(EXERCISE DATA begins)
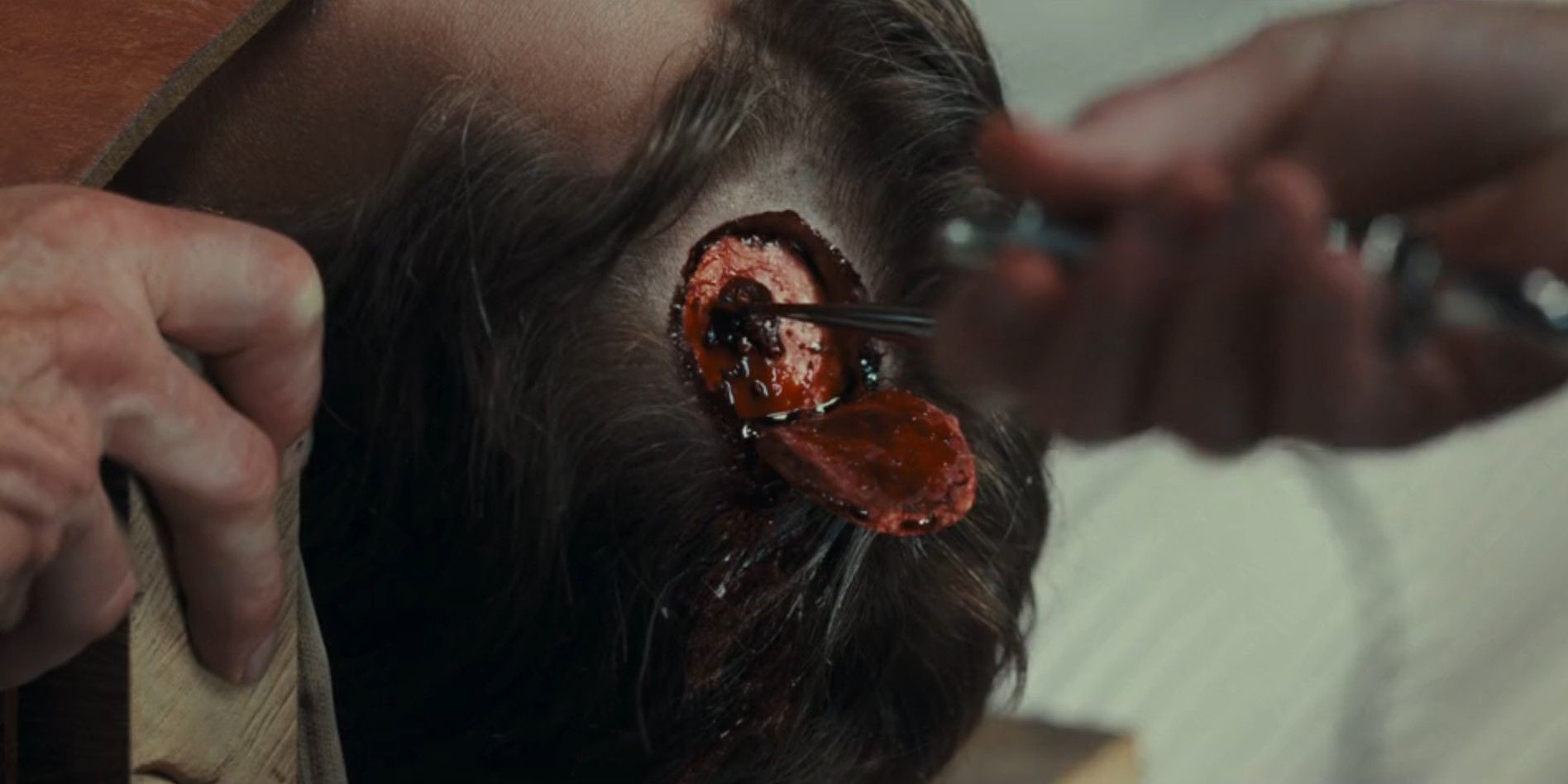 The doctor drills a hole into Zane Davis' head in 1923 season 2, episode 4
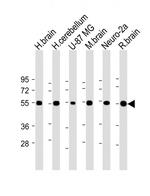 NRXN1 Antibody in Western Blot (WB)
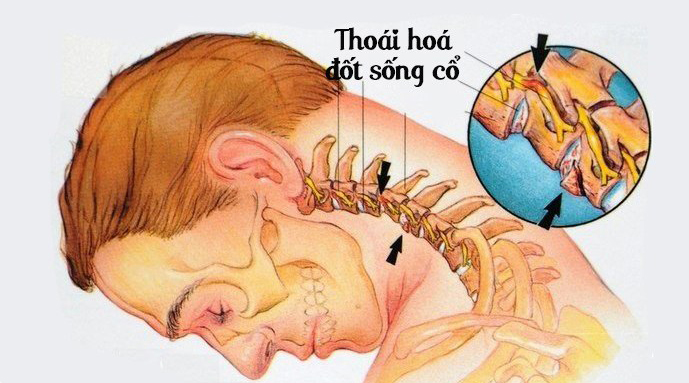 thoai-hoa-dot-song-co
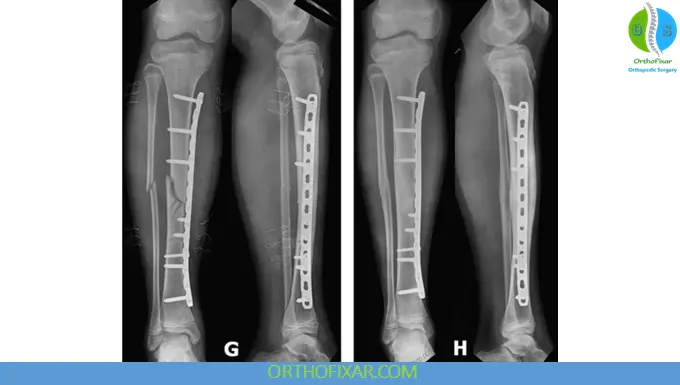Tibia Fracture Plating surgery treatment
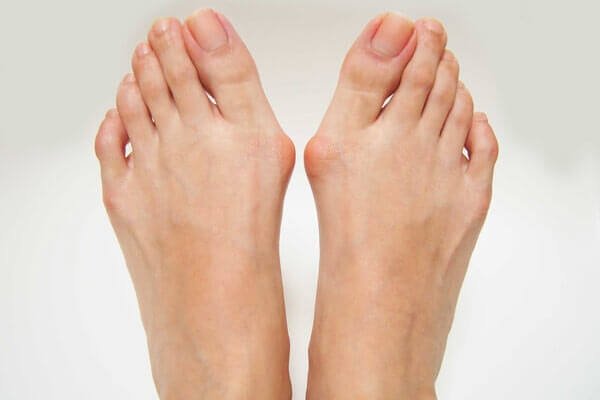 Thickened Curved Toenails  Well Heeled Podiatry Hampton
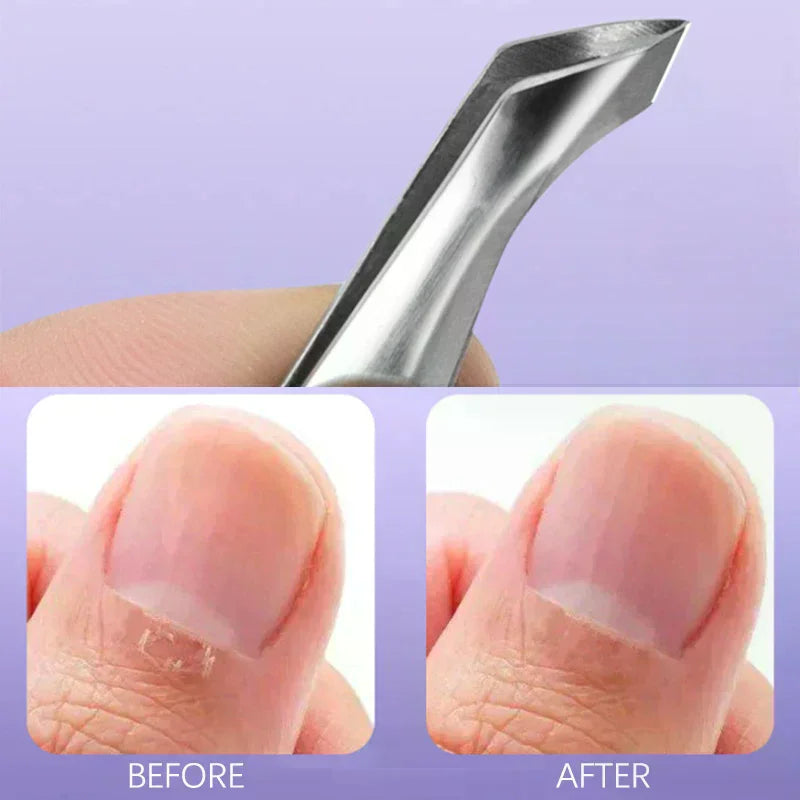 Stainless Steel Nail Cuticle Nipper | Hangnail & Dead Skin Tool Cuticle Nipper QXL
(EXERCISE DATA ends)
## ASSIGNMENT
The lines from the one holding "Tibia Fracture Plating surgery treatment" through the end of the entries are to be transcribed exactly, both ends included, with the pictures left out.

## RESPONSE TO THIS TASK
Tibia Fracture Plating surgery treatment
 Thickened Curved Toenails  Well Heeled Podiatry Hampton
 Stainless Steel Nail Cuticle Nipper | Hangnail & Dead Skin Tool Cuticle Nipper QXL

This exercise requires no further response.